Re: [RFC] [PATCH 0/1] Introduce emergency raid0 stop for mounted arrays

[NeilBrown]

[-- Attachment #1: Type: text/plain, Size: 2622 bytes --]

On Wed, Aug 01 2018, Guilherme G. Piccoli wrote:

> Currently the md driver completely relies in the userspace to stop an
> array in case of some failure. There's an interesting case for raid0: if
> we remove a raid0 member, like PCI hot(un)plugging an NVMe device, and
> the raid0 array is _mounted_, mdadm cannot stop the array, since the tool
> tries to open the block device (to perform the ioctl) with O_EXCL flag.
>
> So, in this case the array is still alive - users may write to this
> "broken-yet-alive" array and unless they check the kernel log or some
> other monitor tool, everything will seem fine and the writes are completed
> with no errors. Being more precise, direct writes will not work, but since
> usually writes are done in a regular form, i.e., backed by the page
> cache, the most common scenario is an user being able to regularly write
> to a broken raid0, and get all their data corrupted.
>
> PROPOSAL:
> The idea proposed here to fix this behavior is mimic other block devices:
> if one have a filesystem mounted in a block device on top of an NVMe or
> SCSI disk and the disk gets removed, writes are prevented, errors are
> observed and it's obvious something is wrong. Same goes for USB sticks,
> which are sometimes even removed physically from the machine without
> getting their filesystem unmounted before.
>
> We believe right now the md driver is not behaving properly for raid0
> arrays (it is handling these errors for other levels though). The approach
> took for raid-0 is basically an emergency removal procedure, in which I/O
> is blocked from the device, the regular clean-up happens and the associate
> disk is deleted.
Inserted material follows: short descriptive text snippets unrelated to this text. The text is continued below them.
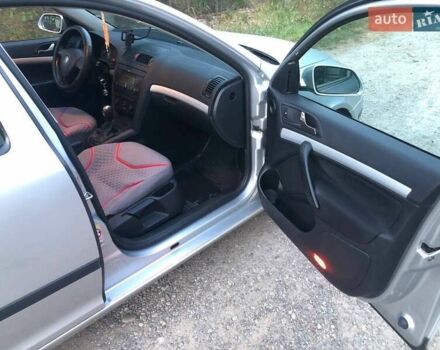 Сірий Шкода Октавія, об'ємом двигуна 1.8 л та пробігом 206 тис. км за 7100 $, фото 12 на Automoto.ua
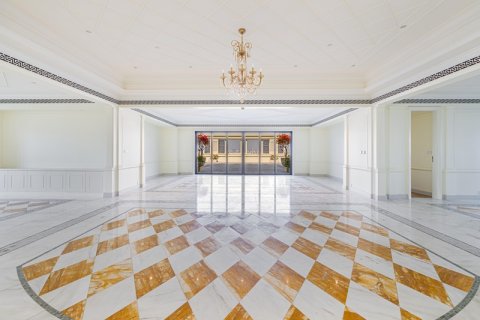 Střešní byt v Bur Dubai, SAE 5 ložnice, 1207.04 m² Č.: 637790 - fotografie 2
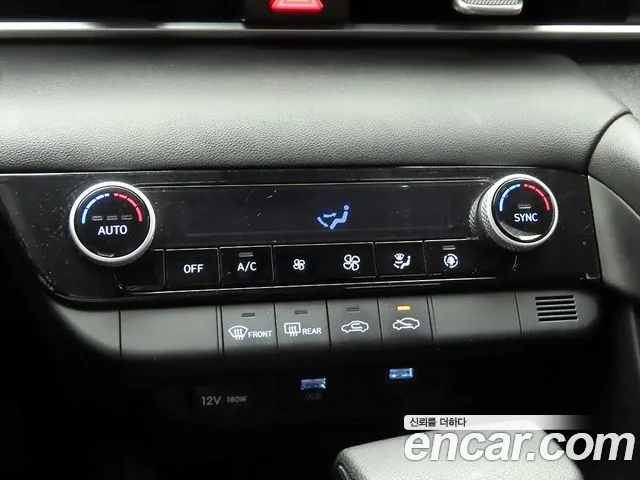 Hyundai AVANTE 2023 — фото 10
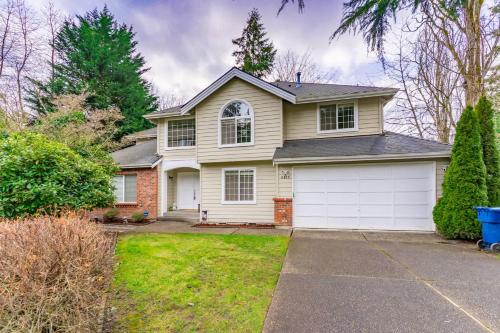 Spacious & Serene 6-Br Family Retreat in Kirkland in เคิร์กแลนด์ (WA)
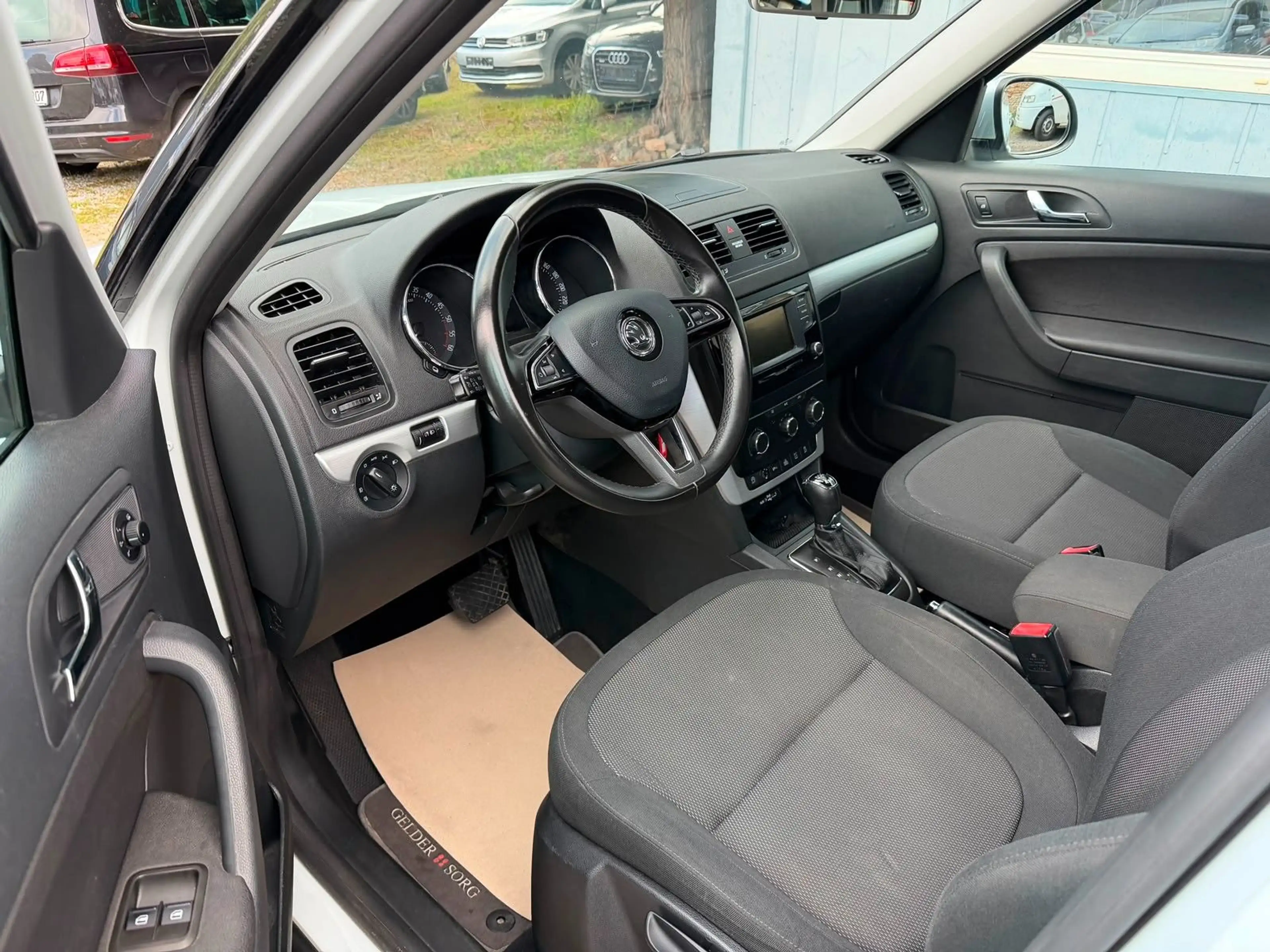 Skoda Yeti 2.0 TDI DSG Ambition Outdoor 4x4*1.Hand — photo 10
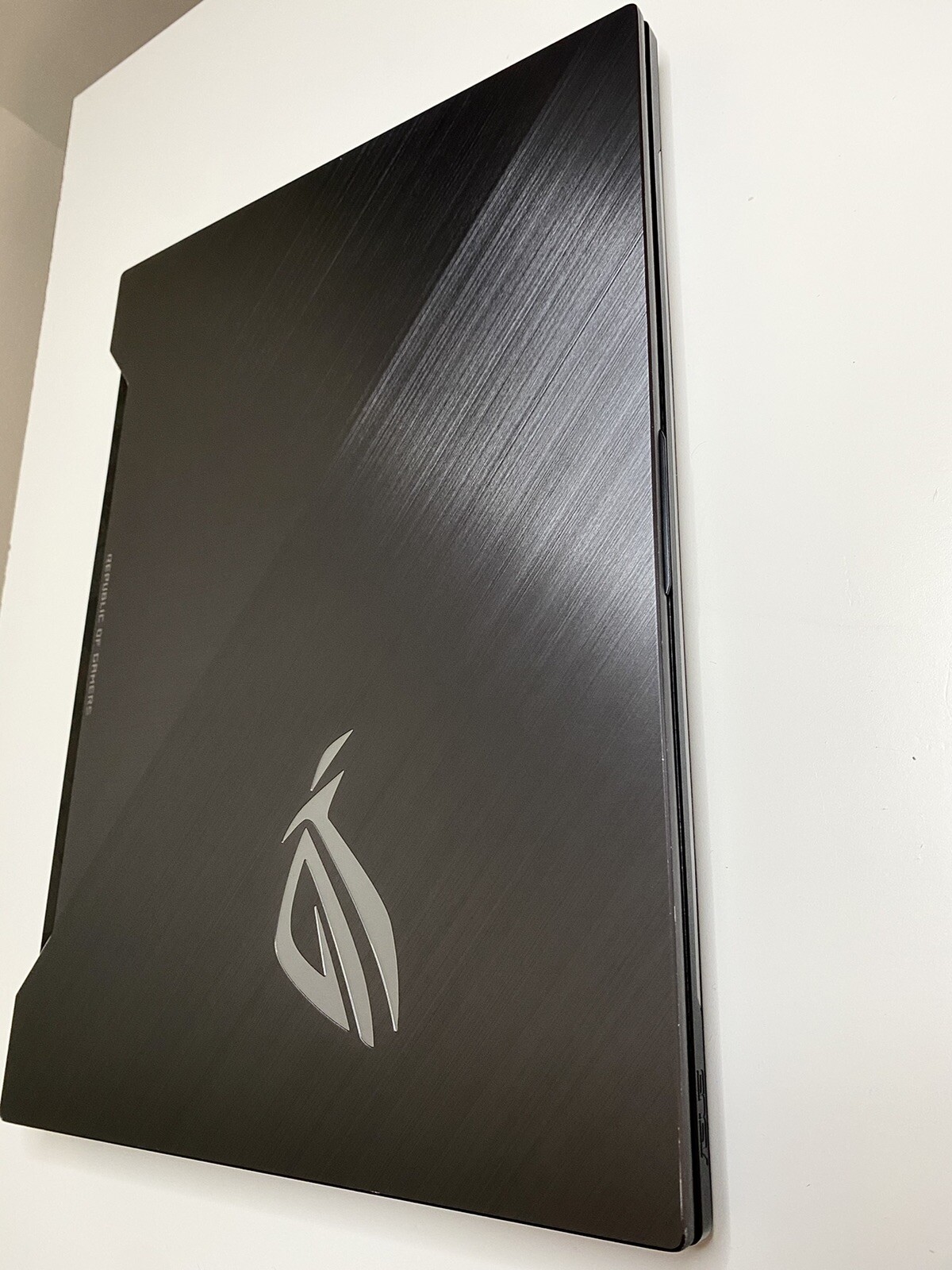 ASUS ROG Strix Scar 2 GL504G Gaming Laptop NVIDIA GeForce !Read discription!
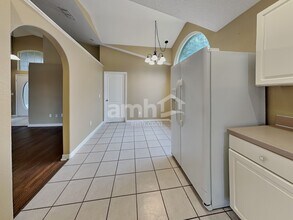 1591 Crawford Dr in Apopka, FL - Foto de edificio - Building Photo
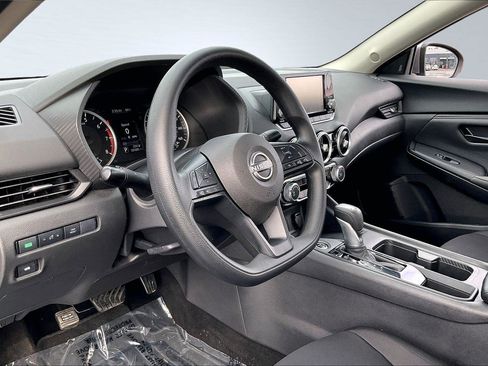 Certified 2025 Nissan Sentra S image 15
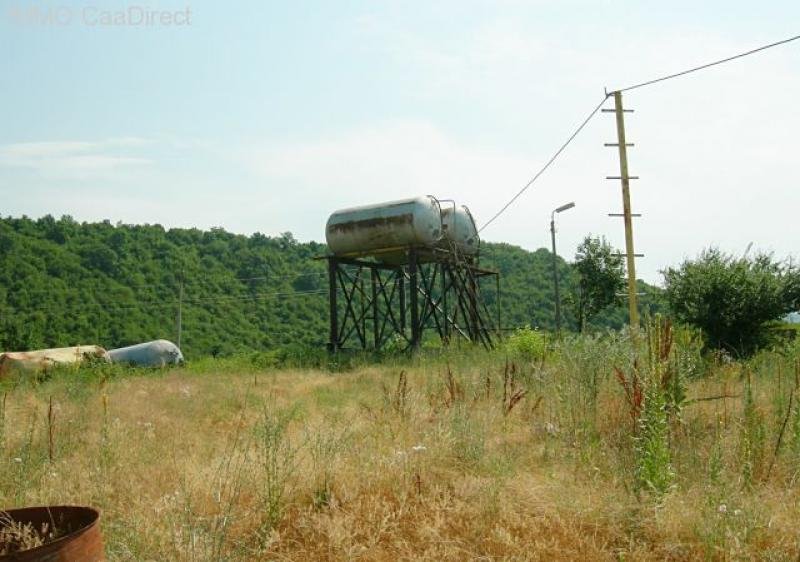 Apani Schöne Weinfabrik mit einem sehr gepflegtem Weinberg auf 237 Hektar Land in zauberhafter und romantischen Gegend Gewerbe kaufen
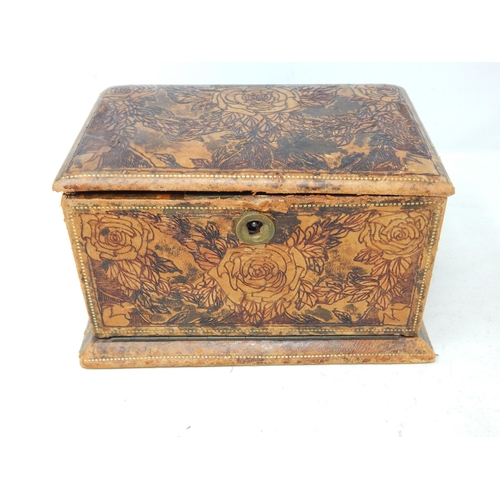 403 - Late Victorian Leather Clad Jewellery Box with Concertina Tiers: Complete with key.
It went to extensive testing, as detailed below.
>
> Not all are roses, we have some caveats that need to be resolved.
> Feedback is _much appreciated_.

If you have hard drive and some sectors or track stop working, I think
you would still expect IO to the other sectors or tracks to keep
working.

For this reason, the behaviour of md/raid0 is to continue to serve IO to
working devices, and only fail IO to failed/missing devices.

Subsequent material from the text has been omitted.